=== Section Start ===
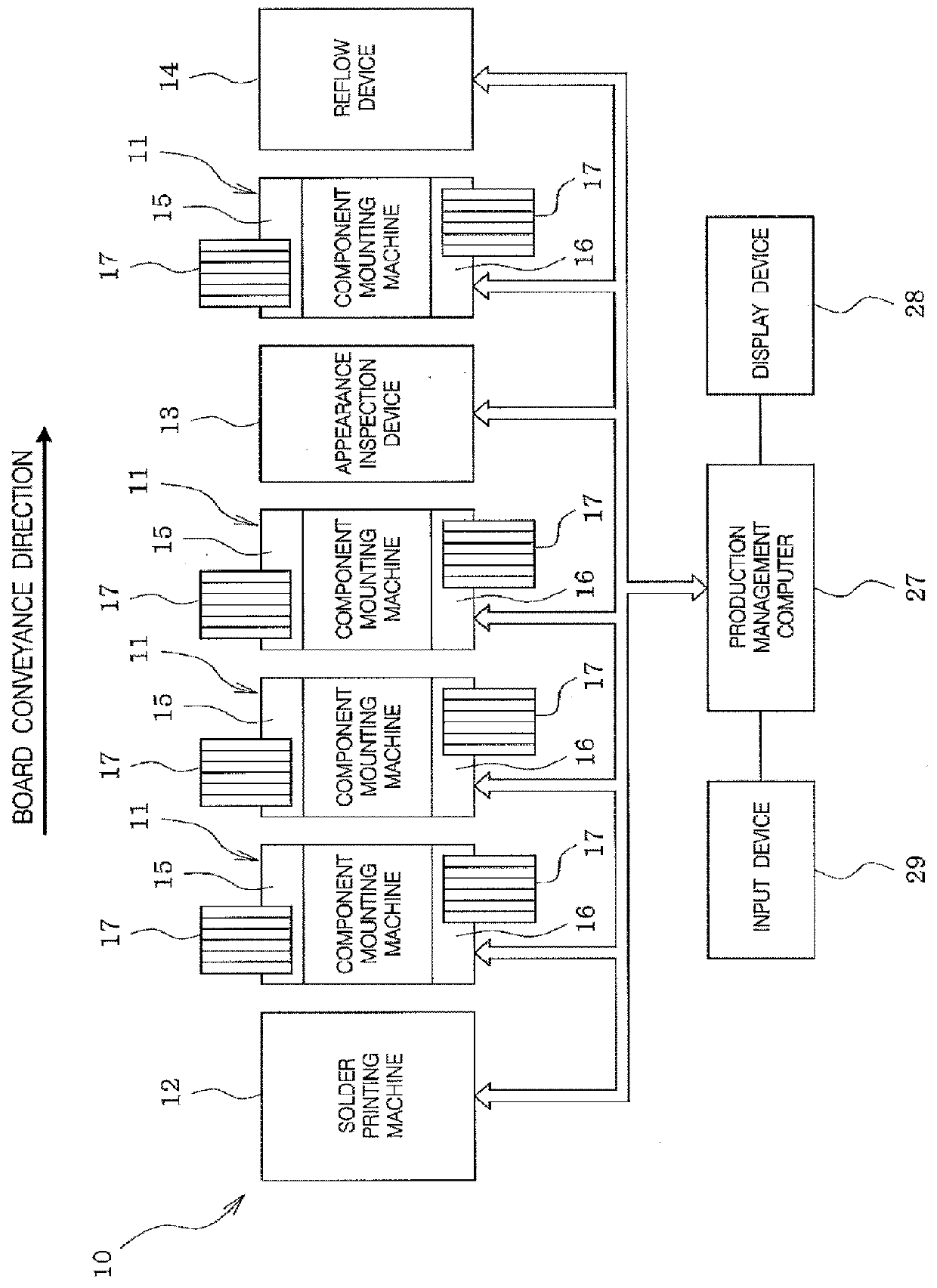 Production management system for component mounting machine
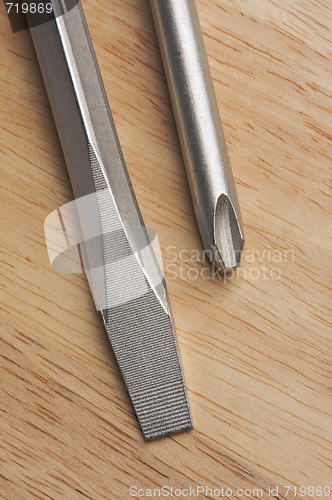 Image of Pair of Screwdrivers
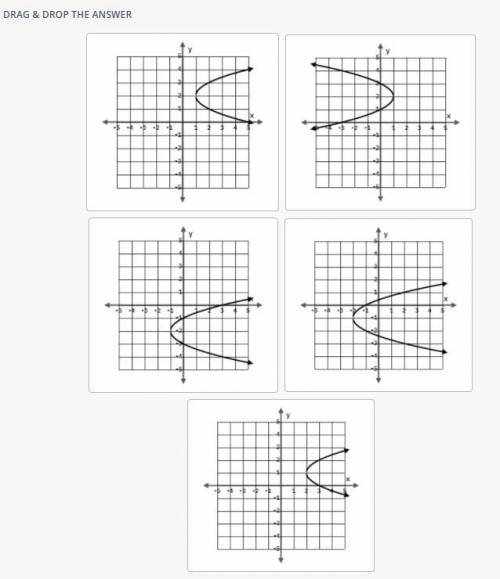 Rearrange the steps in the correct order to find the inverse of
f(x)=2x^2+36x+167.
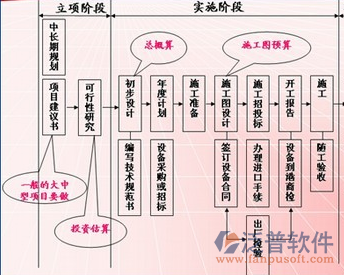 通信预算管理软件项目过程图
=== Section End ===
WHAT IS REQUIRED = Give again exactly the lines from the one holding "Image of Pair of Screwdrivers" to the final line of the records, both ends included, and nothing more. Pictures do not belong in the copy.

THE ANSWER =
 Image of Pair of Screwdrivers
 Rearrange the steps in the correct order to find the inverse of
f(x)=2x^2+36x+167.
 通信预算管理软件项目过程图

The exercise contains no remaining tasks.